Once the line holding "রেডমেন সাদা ফনডেন্ট।" is found, output it and all remaining lines of the data exactly, with every picture left out.

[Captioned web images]
_ _ _ _

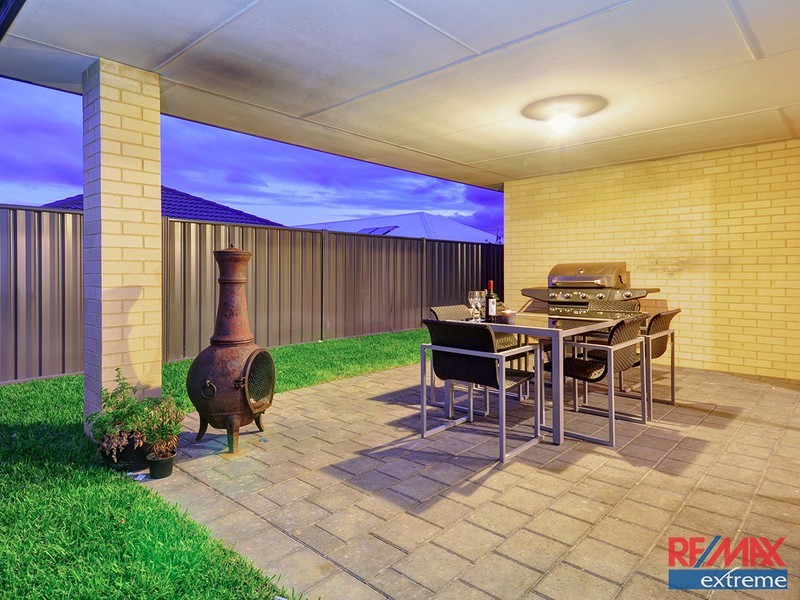 7 Nutcote Road, Banksia Grove WA 6031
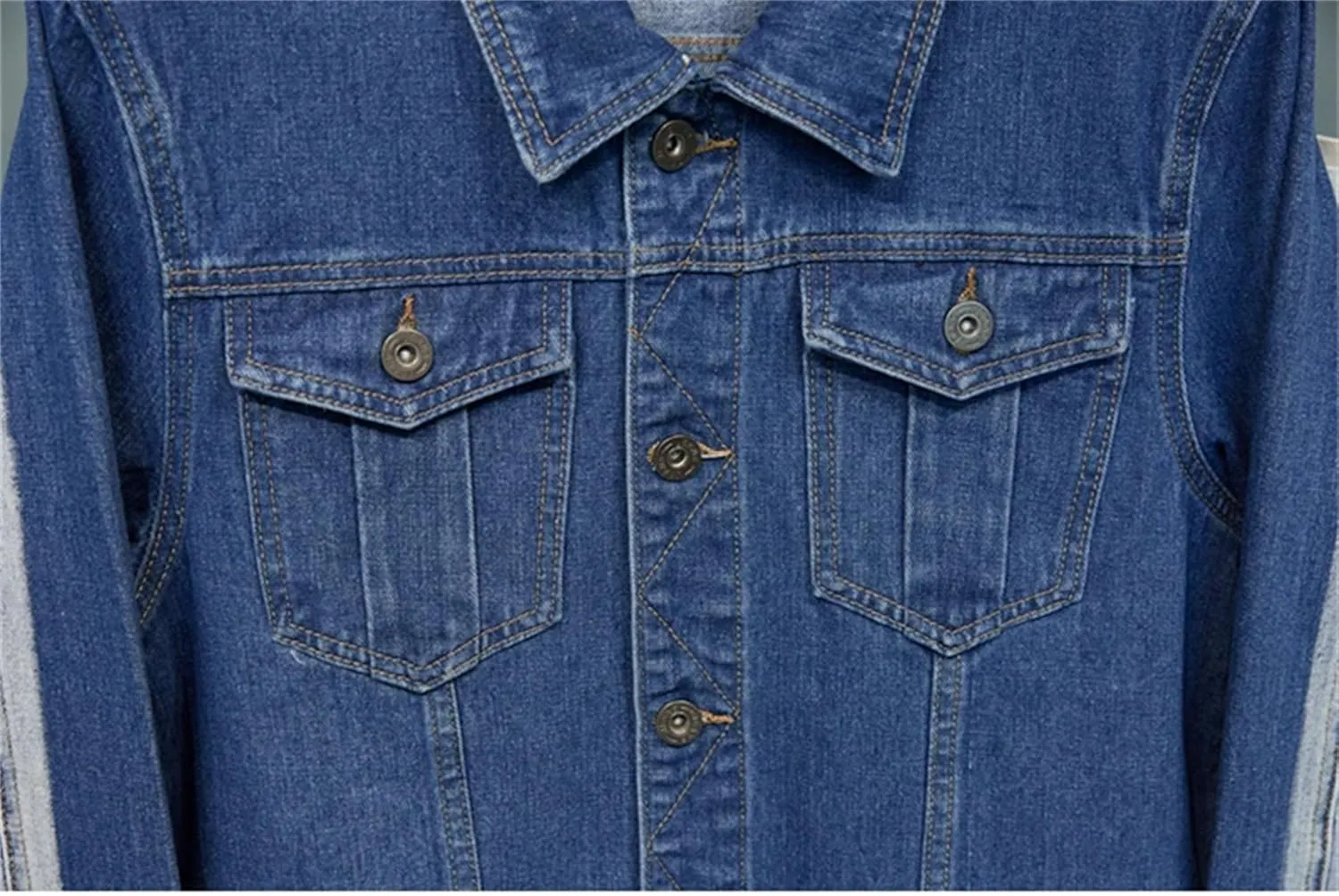 Men's Gradient Color Large Lapel Multi-Pocket Denim Jacket Classic Single-Breasted Aviator Trucker Denim Top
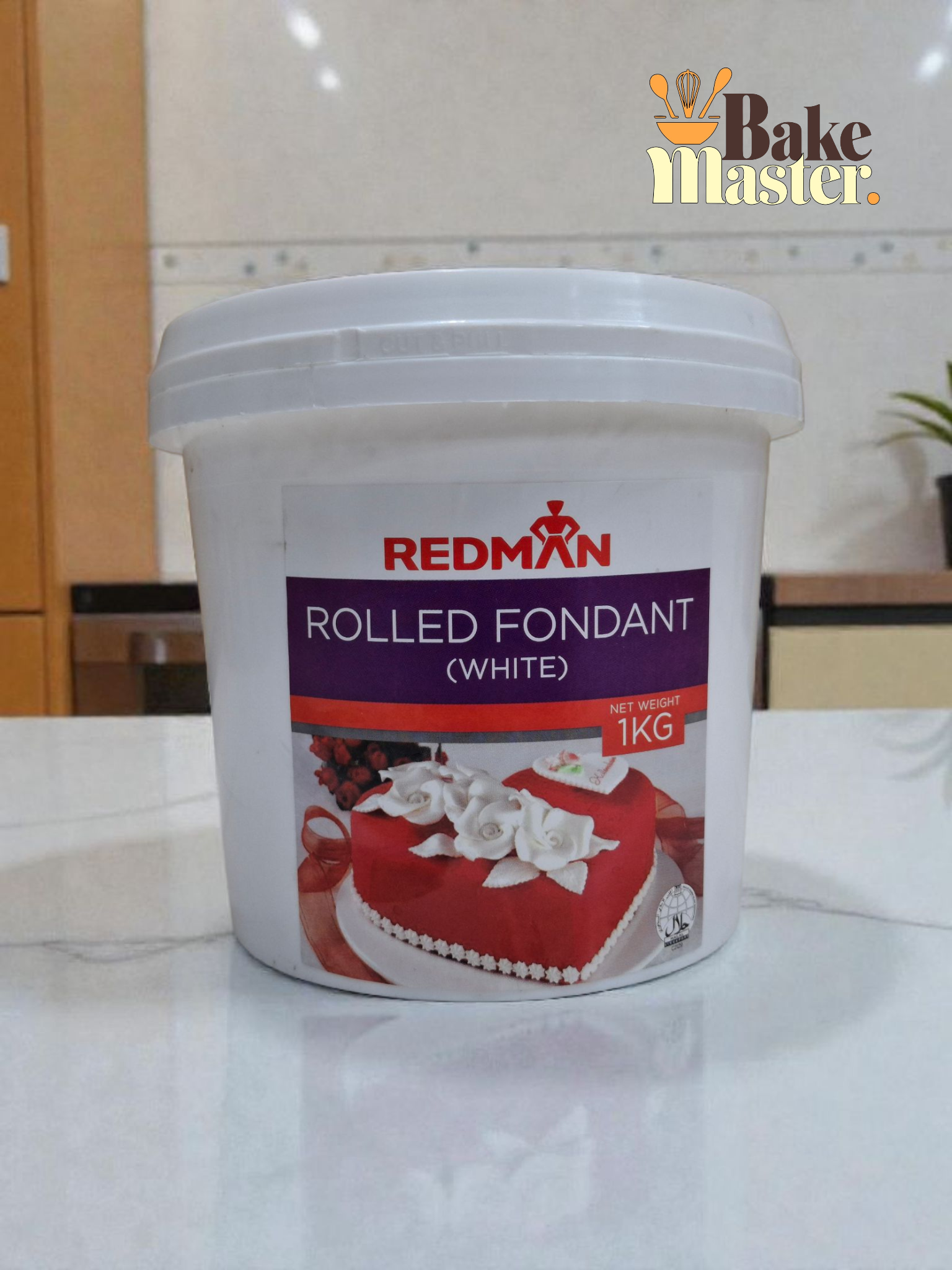 রেডমেন সাদা ফনডেন্ট।  Redman white fondant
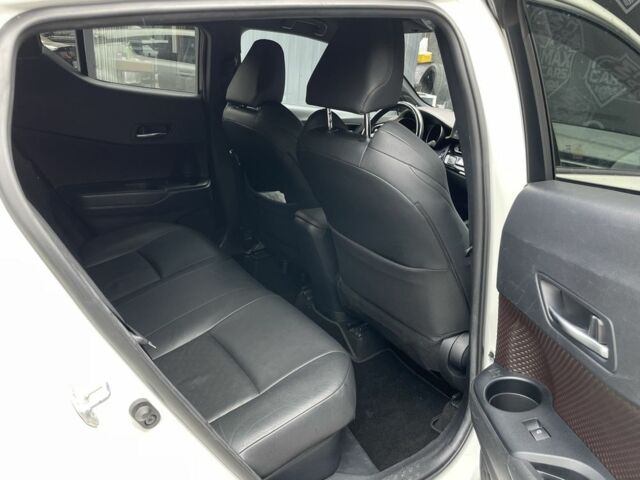 Білий Тойота C-HR, об'ємом двигуна 1.8 л та пробігом 70 тис. км за 22500 $, фото 10 на Automoto.ua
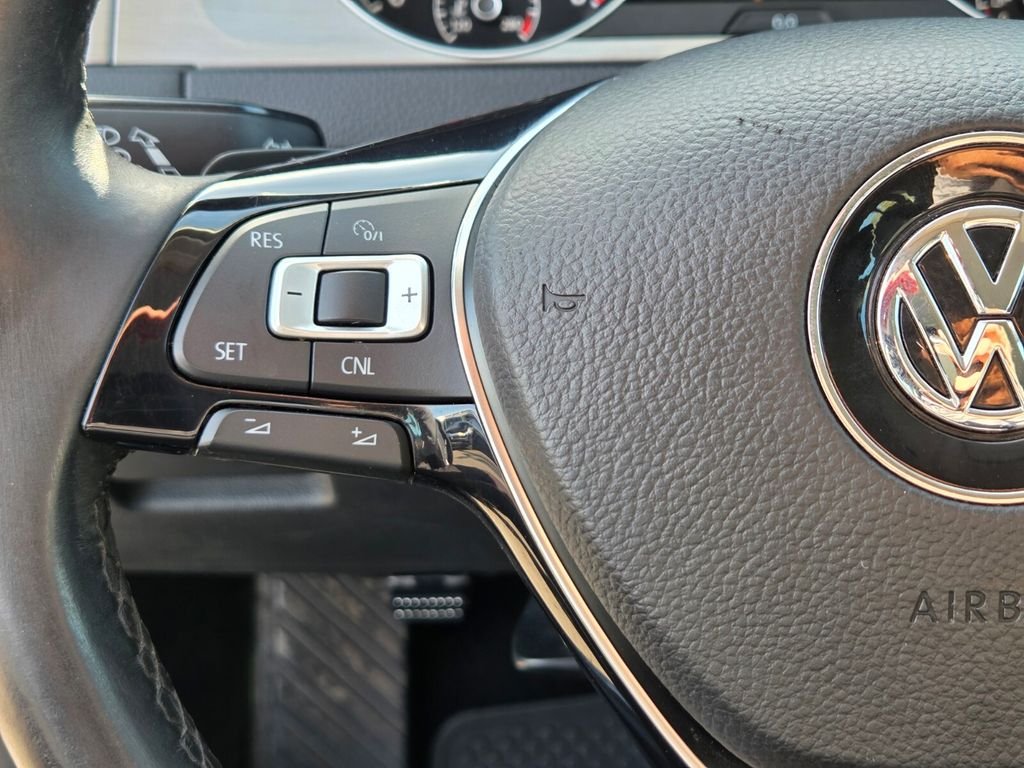 Used 2015 Gray Volkswagen TSI S 4-Door image 25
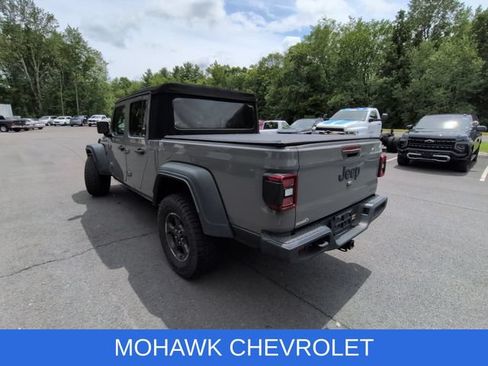 Used 2020 Jeep Gladiator Sport w/ Quick Order Package 24S AWD/4WD image 12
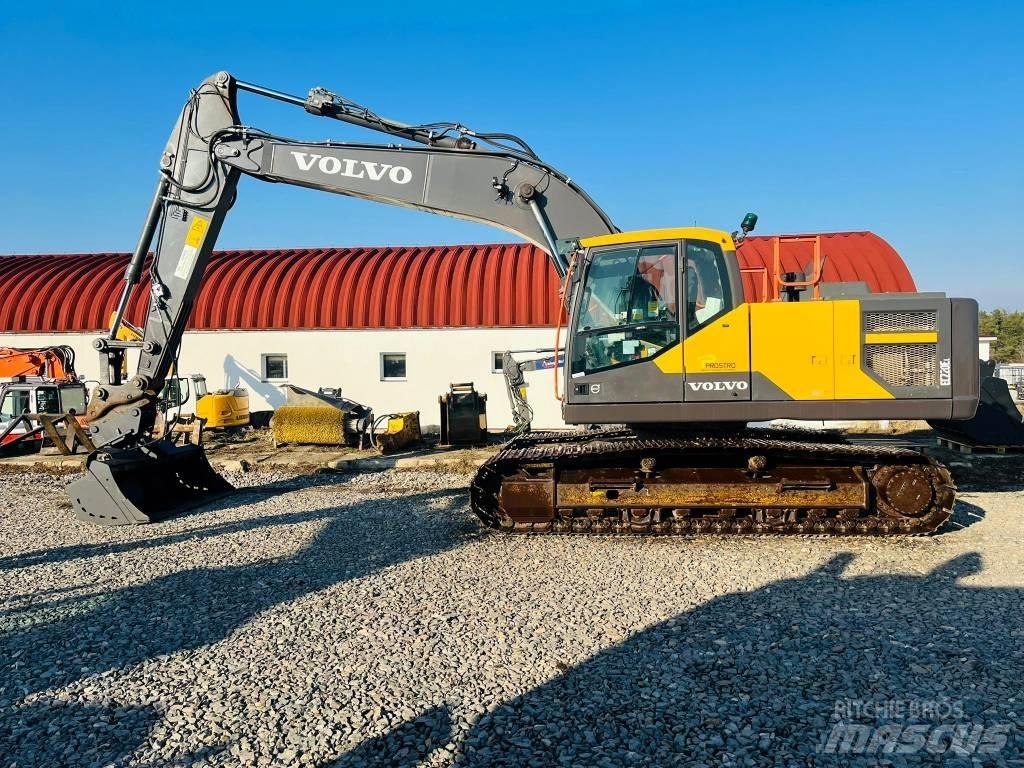Volvo EC 220 EL Paletli ekskavatörler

_ _ _ _

_EXERCISE OUTPUT_
 রেডমেন সাদা ফনডেন্ট।  Redman white fondant
 Білий Тойота C-HR, об'ємом двигуна 1.8 л та пробігом 70 тис. км за 22500 $, фото 10 на Automoto.ua
 Used 2015 Gray Volkswagen TSI S 4-Door image 25
 Used 2020 Jeep Gladiator Sport w/ Quick Order Package 24S AWD/4WD image 12
Volvo EC 220 EL Paletli ekskavatörler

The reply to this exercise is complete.